Credit for Other Dependents
The new tax law created a new nonrefundable credit in the amount of $500 for each qualifying dependent who isn’t a qualifying child for whom the refundable credit is allowed.
For tax years beginning after December 31, 2017, and before January 1, 2026, there is a new nonrefundable $500 credit for each qualifying dependent who isn’t a qualifying child for whom the refundable credit is allowed (qualifying relatives and qualifying children who don’t meet the new requirement for a Social Security number valid for employment, which is applicable to the refundable credit). The dependent must be a citizen, national, or resident of the United States.
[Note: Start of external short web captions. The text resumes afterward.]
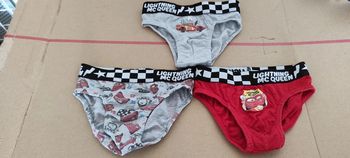 Lot slips cars 2/3 ans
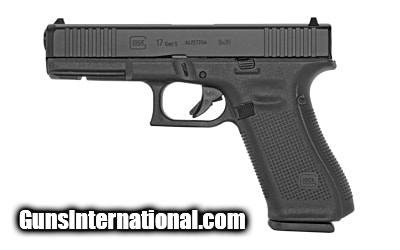 GLOCK 17 GEN 5 9MM LUGER (9X19 PARA)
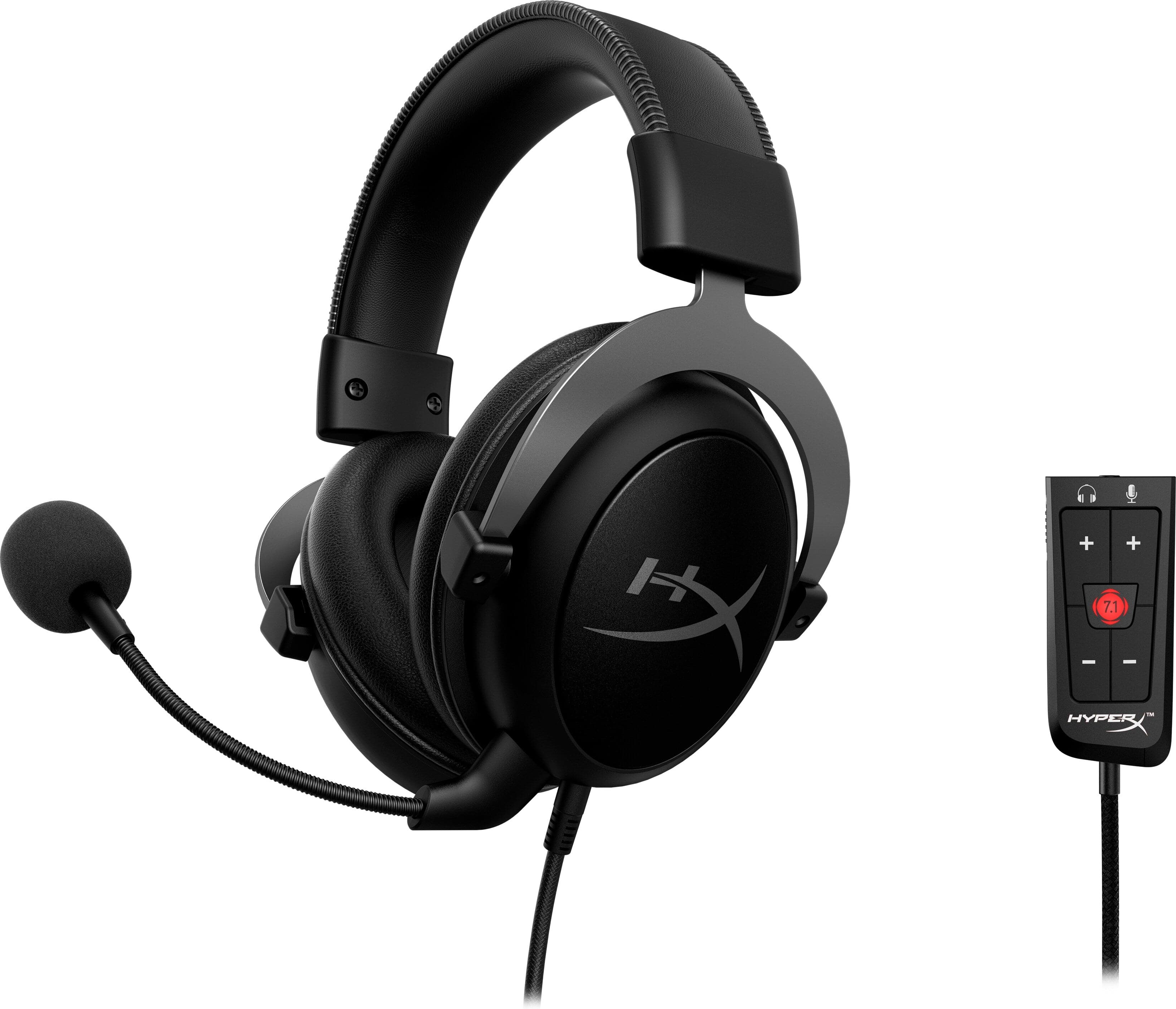 HyperX Cloud II Headset Grau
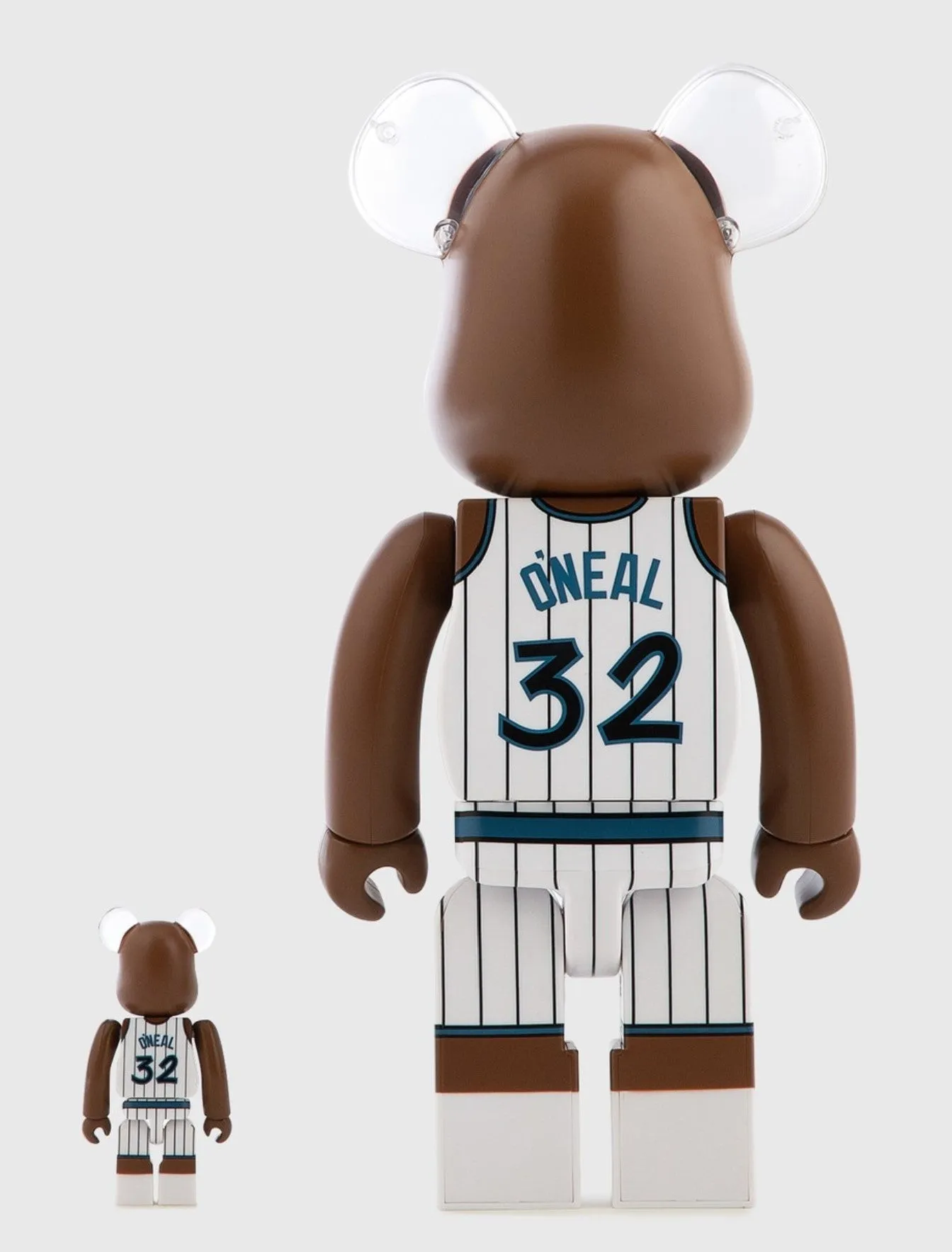 Shaquille O'Neal- Orlando Magic 100% & 400%  Be@rbrick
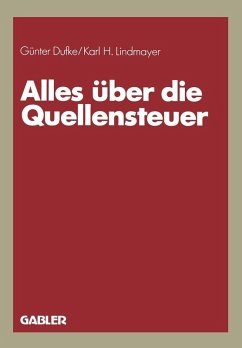 Cover Alles über die Quellensteuer (eBook, PDF)
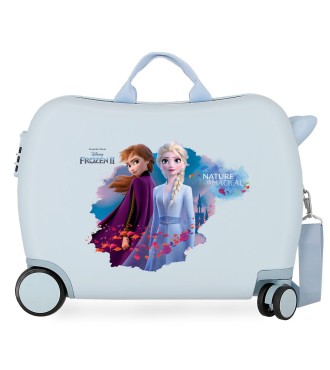 4019821 MALETA INF.ABS 4R.NATURE IS MAGICAL - FROZEN II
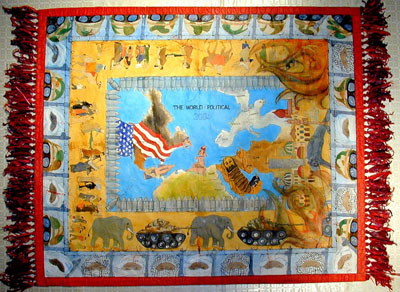 Iraqi Prayer Mat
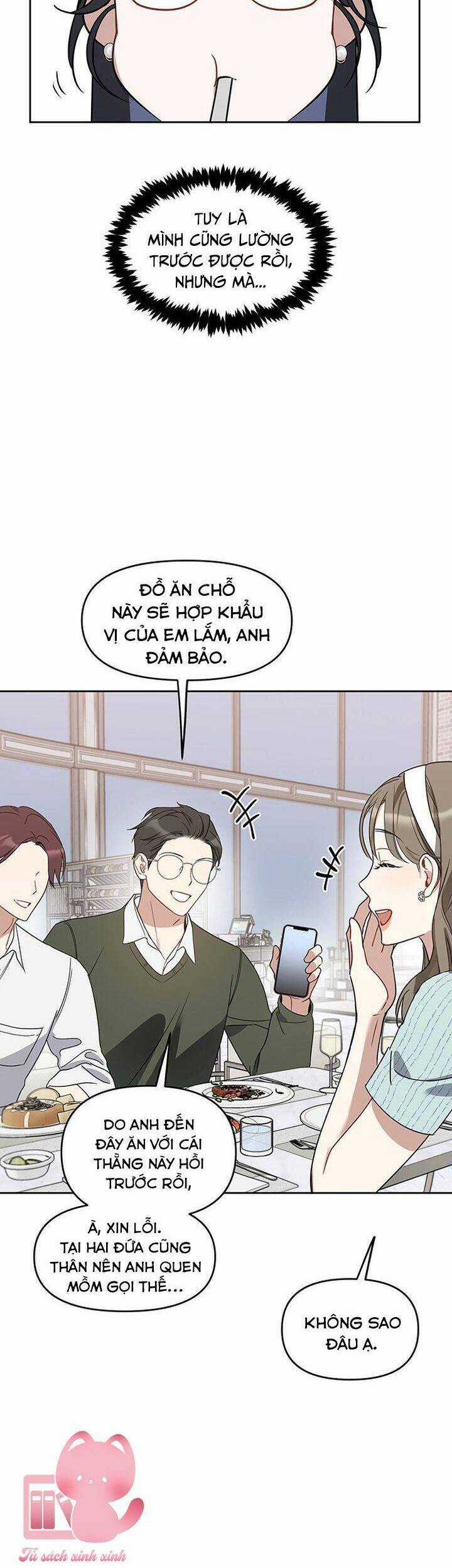Vận Xui Chốn Công Sở Chapter 61 trang 3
The amount of the credit isn’t annually adjusted for inflation. This credit begins to phase out for taxpayers with adjusted gross income more than $400,000 (in the case of married taxpayers filing a joint tax return) and more than $200,000 (for all other taxpayers).
How will this affect me?
During 2018, Lisa lived with her mother, a U.S. citizen, for the entire year in Lisa’s home. Because her mother’s only source of income is Social Security benefits, Lisa provides well over 50 percent of her mother’s support. Lisa’s mother qualifies as her dependent, and Lisa can claim the full $500 nonrefundable credit for her mother if her income is no more than $200,000.
Same as above, but Lisa’s mother doesn’t qualify as her dependent, because Lisa provides less than half of her mother’s support. Lisa can’t claim the $500 credit for her mother.